(Extracted data entries)

########################################

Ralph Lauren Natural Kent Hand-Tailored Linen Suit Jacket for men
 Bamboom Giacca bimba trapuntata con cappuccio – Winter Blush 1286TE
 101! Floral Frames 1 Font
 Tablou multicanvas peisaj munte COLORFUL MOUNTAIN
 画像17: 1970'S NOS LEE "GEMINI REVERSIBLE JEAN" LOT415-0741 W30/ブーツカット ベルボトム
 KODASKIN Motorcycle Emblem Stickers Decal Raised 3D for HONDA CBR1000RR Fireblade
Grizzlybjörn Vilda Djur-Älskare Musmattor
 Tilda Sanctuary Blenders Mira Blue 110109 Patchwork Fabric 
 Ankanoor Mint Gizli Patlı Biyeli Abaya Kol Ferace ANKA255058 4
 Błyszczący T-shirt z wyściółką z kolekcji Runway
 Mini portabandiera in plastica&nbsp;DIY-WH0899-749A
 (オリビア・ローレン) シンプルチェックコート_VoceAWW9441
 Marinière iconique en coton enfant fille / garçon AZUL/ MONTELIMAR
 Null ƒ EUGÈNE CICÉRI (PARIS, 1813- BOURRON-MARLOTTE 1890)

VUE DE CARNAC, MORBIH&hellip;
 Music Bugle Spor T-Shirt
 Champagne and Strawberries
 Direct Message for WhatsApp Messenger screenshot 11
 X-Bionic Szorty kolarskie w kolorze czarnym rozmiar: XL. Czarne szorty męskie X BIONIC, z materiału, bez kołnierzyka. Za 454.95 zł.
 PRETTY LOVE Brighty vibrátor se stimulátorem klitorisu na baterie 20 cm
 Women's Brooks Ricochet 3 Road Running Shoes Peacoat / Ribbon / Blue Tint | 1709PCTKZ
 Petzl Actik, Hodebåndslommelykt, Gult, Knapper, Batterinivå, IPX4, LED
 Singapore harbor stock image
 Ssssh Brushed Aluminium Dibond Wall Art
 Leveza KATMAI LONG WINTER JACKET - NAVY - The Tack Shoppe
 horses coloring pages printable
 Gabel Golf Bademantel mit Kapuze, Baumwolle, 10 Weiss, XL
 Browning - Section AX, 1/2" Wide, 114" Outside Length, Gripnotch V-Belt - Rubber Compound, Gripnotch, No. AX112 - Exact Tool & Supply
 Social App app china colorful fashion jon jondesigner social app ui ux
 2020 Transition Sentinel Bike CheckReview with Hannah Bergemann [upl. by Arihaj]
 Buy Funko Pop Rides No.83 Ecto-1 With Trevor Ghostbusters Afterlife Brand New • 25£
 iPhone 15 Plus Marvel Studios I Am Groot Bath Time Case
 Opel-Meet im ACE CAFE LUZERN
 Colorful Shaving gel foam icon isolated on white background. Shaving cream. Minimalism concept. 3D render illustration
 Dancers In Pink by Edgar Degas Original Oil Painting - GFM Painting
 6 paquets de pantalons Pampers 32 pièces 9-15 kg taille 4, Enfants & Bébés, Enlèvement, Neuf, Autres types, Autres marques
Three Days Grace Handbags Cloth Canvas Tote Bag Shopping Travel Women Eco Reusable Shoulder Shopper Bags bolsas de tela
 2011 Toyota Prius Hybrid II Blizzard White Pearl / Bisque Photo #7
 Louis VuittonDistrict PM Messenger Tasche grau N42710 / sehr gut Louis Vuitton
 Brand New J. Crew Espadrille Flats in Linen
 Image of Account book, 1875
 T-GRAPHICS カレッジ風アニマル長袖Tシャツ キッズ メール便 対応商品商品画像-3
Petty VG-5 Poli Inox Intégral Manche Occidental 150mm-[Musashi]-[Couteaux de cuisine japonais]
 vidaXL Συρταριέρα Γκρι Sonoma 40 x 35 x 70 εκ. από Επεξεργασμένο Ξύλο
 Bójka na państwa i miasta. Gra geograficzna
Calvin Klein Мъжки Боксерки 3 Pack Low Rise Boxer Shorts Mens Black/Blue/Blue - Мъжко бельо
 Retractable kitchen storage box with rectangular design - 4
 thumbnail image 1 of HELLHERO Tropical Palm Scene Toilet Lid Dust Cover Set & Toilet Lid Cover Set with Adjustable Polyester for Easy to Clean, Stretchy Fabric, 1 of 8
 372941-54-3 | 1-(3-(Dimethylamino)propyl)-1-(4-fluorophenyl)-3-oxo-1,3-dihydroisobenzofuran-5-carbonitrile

########################################

**Exercise details**
Transcribe only the lines from the beginning of the entries to the line with "2020 Transition Sentinel", inclusive, exactly as written.

**Finished exercise**
Ralph Lauren Natural Kent Hand-Tailored Linen Suit Jacket for men
 Bamboom Giacca bimba trapuntata con cappuccio – Winter Blush 1286TE
 101! Floral Frames 1 Font
 Tablou multicanvas peisaj munte COLORFUL MOUNTAIN
 画像17: 1970'S NOS LEE "GEMINI REVERSIBLE JEAN" LOT415-0741 W30/ブーツカット ベルボトム
 KODASKIN Motorcycle Emblem Stickers Decal Raised 3D for HONDA CBR1000RR Fireblade
Grizzlybjörn Vilda Djur-Älskare Musmattor
 Tilda Sanctuary Blenders Mira Blue 110109 Patchwork Fabric 
 Ankanoor Mint Gizli Patlı Biyeli Abaya Kol Ferace ANKA255058 4
 Błyszczący T-shirt z wyściółką z kolekcji Runway
 Mini portabandiera in plastica&nbsp;DIY-WH0899-749A
 (オリビア・ローレン) シンプルチェックコート_VoceAWW9441
 Marinière iconique en coton enfant fille / garçon AZUL/ MONTELIMAR
 Null ƒ EUGÈNE CICÉRI (PARIS, 1813- BOURRON-MARLOTTE 1890)

VUE DE CARNAC, MORBIH&hellip;
 Music Bugle Spor T-Shirt
 Champagne and Strawberries
 Direct Message for WhatsApp Messenger screenshot 11
 X-Bionic Szorty kolarskie w kolorze czarnym rozmiar: XL. Czarne szorty męskie X BIONIC, z materiału, bez kołnierzyka. Za 454.95 zł.
 PRETTY LOVE Brighty vibrátor se stimulátorem klitorisu na baterie 20 cm
 Women's Brooks Ricochet 3 Road Running Shoes Peacoat / Ribbon / Blue Tint | 1709PCTKZ
 Petzl Actik, Hodebåndslommelykt, Gult, Knapper, Batterinivå, IPX4, LED
 Singapore harbor stock image
 Ssssh Brushed Aluminium Dibond Wall Art
 Leveza KATMAI LONG WINTER JACKET - NAVY - The Tack Shoppe
 horses coloring pages printable
 Gabel Golf Bademantel mit Kapuze, Baumwolle, 10 Weiss, XL
 Browning - Section AX, 1/2" Wide, 114" Outside Length, Gripnotch V-Belt - Rubber Compound, Gripnotch, No. AX112 - Exact Tool & Supply
 Social App app china colorful fashion jon jondesigner social app ui ux
 2020 Transition Sentinel Bike CheckReview with Hannah Bergemann [upl. by Arihaj]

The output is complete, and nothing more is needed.